Как-то однажды, когда от усталости парализующей не шёл сон, Алёна подсела к Вере. Перед ней на сколоченном из не струганных досок столе лежало раскрытым Евангелие. Вера водила по строчкам большим расплющенным пальцем с тёмным ободком под изломанным ногтем и шевелила губами.
– А ну-ка в голос зачти, Вер, – попросила Алёна.
– А веруешь ли или так, от скуки? – строго посмотрела на Алёну поверх очков в железной оправе хозяйка избы.
– Верила сызмальства, и в Храм ходила по воскресеньям, да потом в Москву переехала и всё как-то… Сама знаешь, власть нынешняя Бога-то отменила…
С того вечера и сблизились равные годами женщины. Читали в пересменку Евангелие, толковали тот или иной стих, как понимали, моля при этом Спасителя, чтоб не судил их строго за то, что дерзнули умом своим скудным дойти до всего: ни церкви, ни батюшки, чтобы разъяснил непонятное, не было.
Говорили всегда вполголоса, иной раз и вовсе на шёпот переходили. И не потому что ушей чужих опасались – в избе кроме них да ещё одной женщины, засыпавшей как только до лежанки добиралась, никого не было, а – привычка такая сложилась при власти советской.
Восемь месяцев оттрубила Алёна на лесозаготовках, а более не сдюжила. Болезнь опасная въелась ей в лёгкие, закашляла она кровью, думали всё, отходную нужно читать по бабе. Но Вера выходила дышавшую на ладан постоялицу свою, выходила какими-то травками да настойками горькими. И – молитвой усердной.
Смилостивился Господь, поднялась Алёна. Но работником она уже никаким сделалась, обессилила. Списали её подчистую, как из армии инвалидов списывают. Расставание с Верой было слёзное.

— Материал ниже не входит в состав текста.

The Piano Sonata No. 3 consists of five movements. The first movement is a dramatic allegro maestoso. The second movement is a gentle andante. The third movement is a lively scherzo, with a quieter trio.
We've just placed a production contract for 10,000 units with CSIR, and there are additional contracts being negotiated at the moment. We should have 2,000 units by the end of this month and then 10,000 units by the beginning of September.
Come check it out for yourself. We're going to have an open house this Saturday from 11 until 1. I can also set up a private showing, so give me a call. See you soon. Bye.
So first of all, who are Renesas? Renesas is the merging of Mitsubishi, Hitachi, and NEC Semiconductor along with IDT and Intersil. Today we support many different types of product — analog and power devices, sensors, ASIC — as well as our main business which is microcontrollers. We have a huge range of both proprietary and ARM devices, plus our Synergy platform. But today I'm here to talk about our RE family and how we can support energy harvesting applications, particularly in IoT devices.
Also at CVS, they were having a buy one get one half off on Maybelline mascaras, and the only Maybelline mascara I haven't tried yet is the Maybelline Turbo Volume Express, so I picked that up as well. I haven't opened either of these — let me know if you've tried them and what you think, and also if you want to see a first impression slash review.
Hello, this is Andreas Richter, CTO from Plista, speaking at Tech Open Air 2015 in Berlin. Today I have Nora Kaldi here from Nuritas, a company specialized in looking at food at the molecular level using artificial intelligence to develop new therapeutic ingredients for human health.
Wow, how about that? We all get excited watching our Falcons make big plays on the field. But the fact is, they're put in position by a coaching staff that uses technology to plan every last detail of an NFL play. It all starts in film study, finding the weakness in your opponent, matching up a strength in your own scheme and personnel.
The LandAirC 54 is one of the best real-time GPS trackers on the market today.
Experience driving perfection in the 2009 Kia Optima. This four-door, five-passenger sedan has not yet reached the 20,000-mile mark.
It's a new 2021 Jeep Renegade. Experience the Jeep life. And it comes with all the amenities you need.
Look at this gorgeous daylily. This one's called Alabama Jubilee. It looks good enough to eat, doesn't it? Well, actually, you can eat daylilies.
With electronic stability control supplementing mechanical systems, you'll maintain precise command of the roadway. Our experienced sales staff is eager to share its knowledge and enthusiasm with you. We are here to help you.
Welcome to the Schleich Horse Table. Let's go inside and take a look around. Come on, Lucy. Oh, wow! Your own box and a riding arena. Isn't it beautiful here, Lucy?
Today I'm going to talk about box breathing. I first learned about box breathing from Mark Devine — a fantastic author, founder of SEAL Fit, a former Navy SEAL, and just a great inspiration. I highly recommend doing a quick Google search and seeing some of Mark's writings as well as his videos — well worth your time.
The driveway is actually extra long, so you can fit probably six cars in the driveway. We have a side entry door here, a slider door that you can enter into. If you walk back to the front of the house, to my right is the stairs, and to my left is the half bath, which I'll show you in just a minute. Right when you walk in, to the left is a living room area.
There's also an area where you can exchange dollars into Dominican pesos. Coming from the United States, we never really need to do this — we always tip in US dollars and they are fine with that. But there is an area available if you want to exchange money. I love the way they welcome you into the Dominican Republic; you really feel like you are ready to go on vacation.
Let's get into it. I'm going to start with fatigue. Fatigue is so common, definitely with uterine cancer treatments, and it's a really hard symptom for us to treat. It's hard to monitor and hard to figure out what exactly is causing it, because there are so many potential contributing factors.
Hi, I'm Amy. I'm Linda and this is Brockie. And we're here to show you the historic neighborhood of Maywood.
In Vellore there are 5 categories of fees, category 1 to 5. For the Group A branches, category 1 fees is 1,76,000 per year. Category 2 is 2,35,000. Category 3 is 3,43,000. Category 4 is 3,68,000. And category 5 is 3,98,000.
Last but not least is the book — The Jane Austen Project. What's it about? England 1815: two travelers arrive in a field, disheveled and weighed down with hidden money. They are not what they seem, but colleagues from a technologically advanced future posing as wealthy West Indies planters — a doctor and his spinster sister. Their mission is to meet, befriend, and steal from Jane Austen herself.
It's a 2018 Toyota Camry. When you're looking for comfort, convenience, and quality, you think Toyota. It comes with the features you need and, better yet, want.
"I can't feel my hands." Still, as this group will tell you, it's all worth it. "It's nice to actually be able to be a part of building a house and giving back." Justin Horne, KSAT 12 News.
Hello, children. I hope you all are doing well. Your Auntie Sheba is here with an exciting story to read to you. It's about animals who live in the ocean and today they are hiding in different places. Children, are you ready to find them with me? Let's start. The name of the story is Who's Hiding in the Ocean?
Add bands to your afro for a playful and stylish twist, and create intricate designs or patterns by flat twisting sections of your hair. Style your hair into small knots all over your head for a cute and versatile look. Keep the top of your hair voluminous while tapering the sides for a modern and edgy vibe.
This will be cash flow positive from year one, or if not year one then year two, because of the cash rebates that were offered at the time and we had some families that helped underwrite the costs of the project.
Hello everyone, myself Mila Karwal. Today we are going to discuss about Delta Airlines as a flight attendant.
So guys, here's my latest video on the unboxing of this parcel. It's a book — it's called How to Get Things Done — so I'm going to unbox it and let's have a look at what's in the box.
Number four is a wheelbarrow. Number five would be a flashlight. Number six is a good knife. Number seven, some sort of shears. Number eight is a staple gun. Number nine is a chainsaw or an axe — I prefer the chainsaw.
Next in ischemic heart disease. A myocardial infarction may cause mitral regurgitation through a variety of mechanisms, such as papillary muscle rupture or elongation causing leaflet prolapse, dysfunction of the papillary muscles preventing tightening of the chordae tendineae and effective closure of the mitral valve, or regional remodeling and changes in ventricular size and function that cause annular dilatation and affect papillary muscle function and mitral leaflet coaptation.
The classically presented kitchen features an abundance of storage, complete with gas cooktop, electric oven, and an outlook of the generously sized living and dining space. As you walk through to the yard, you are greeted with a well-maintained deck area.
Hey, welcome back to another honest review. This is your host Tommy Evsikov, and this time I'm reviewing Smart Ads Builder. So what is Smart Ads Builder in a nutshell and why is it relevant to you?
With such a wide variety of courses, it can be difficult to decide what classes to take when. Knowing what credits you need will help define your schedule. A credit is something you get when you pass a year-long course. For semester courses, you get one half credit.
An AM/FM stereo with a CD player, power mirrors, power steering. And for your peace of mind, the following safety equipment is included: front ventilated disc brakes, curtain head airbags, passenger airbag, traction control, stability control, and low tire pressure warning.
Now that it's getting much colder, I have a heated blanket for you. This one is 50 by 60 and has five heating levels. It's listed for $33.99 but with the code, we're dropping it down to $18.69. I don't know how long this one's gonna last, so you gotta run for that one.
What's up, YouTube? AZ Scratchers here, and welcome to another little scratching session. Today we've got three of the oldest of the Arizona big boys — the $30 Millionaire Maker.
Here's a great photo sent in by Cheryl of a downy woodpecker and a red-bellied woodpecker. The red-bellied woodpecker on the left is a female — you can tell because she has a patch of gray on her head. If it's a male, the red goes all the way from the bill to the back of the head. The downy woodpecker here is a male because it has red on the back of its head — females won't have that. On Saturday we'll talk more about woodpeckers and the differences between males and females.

– Свидимся ли? – вопрошала Алёна.
– Это как Господь управит, – спокойно ответствовала на это Вера, кроме нехитрой снеди снабдив Алёну в дорогу иконой Спасителя с серебряном окладе, да стареньким, захватанным руками человечьими Евангелием. И наставляла напоследок: – Помнишь притчу о семени на почве каменистой? Всходит быстро, но корней у него нет, потому что мало земли, и засыхает оно. Это о людях, которые схватывают учение Его быстро, не проникнувшись им, а при малейшем повороте нарушают его али и вовсе отрекаются, потому как опять-таки корней нету… Не уподобляйся таким, Алёна, пусть вера твоя крепкой будет и не напоказ.